Only the line with "Hvac-Contractor-Bradenton-A large building" and the lines after it, to the end of the data, should appear in the answer, each reproduced exactly.

### Listed entries

-------------------------

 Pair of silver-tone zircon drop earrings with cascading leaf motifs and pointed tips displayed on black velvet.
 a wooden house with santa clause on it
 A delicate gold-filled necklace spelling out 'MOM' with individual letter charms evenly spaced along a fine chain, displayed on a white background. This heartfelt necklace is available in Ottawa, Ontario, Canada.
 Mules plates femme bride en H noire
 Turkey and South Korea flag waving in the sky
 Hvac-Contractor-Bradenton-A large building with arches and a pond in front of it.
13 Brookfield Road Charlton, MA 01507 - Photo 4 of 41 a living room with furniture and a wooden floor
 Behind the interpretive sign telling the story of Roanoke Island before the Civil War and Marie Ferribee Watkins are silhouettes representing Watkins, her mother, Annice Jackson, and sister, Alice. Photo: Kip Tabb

-------------------------

### Answer to this task
 Hvac-Contractor-Bradenton-A large building with arches and a pond in front of it.
13 Brookfield Road Charlton, MA 01507 - Photo 4 of 41 a living room with furniture and a wooden floor
 Behind the interpretive sign telling the story of Roanoke Island before the Civil War and Marie Ferribee Watkins are silhouettes representing Watkins, her mother, Annice Jackson, and sister, Alice. Photo: Kip Tabb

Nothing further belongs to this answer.